#### [Work item]
Repeat exactly the lines below from the line that contains "Now when we" to the last line, inclusive, without the pictures.

#### [Supplied data]

# # # #

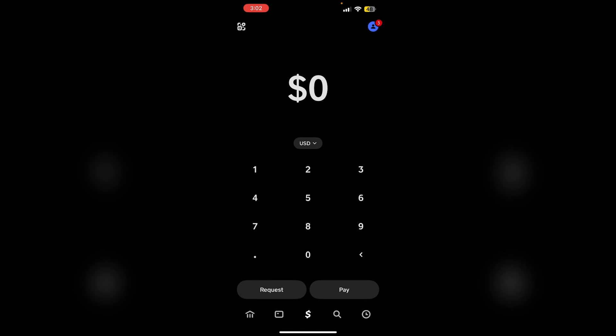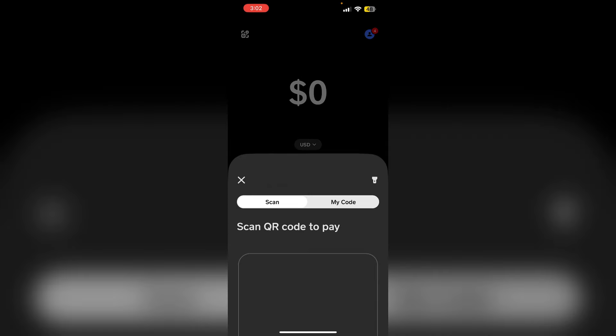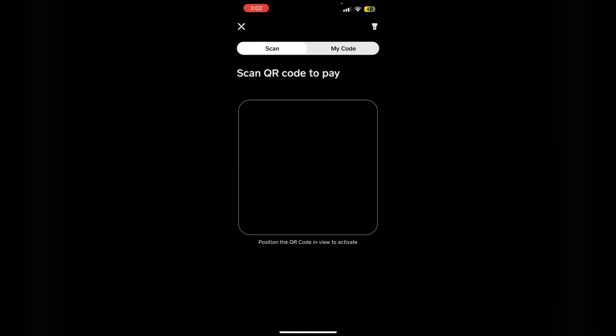After that, access the scanner. Tap on the QR icon on the top left corner. It will open your camera.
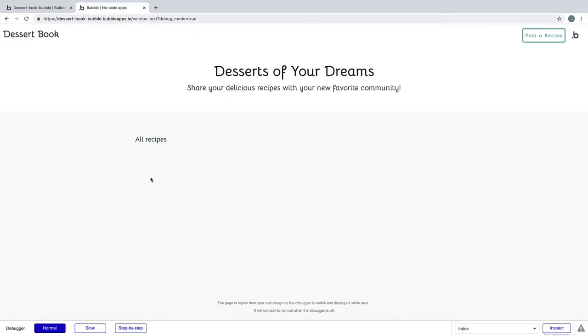Now when we preview the page, we have no entries in our database to show in our repeating group, so in the next lesson we're going to add the post-recipe functionality to this app.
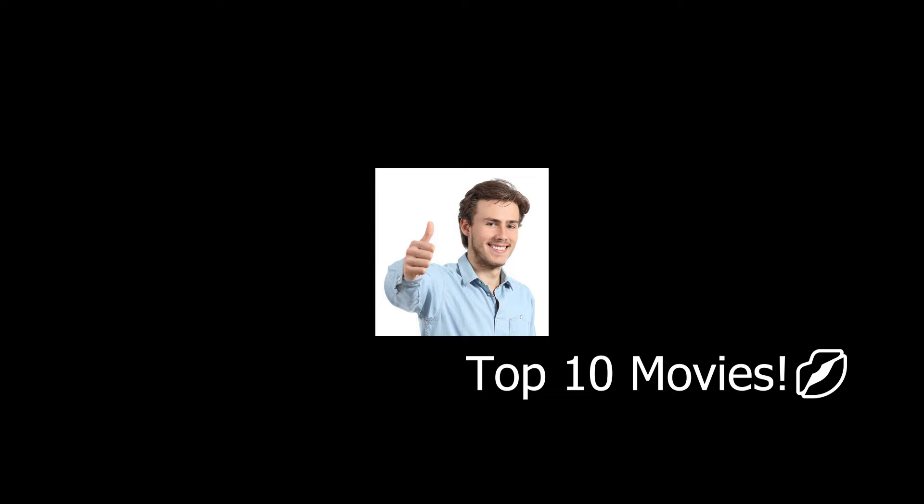Hello my name is Eli and these are my friends Brandon and Josh and we are going to tell you our top 10 movies.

# # # #

#### [Solution below]
Now when we preview the page, we have no entries in our database to show in our repeating group, so in the next lesson we're going to add the post-recipe functionality to this app.
Hello my name is Eli and these are my friends Brandon and Josh and we are going to tell you our top 10 movies.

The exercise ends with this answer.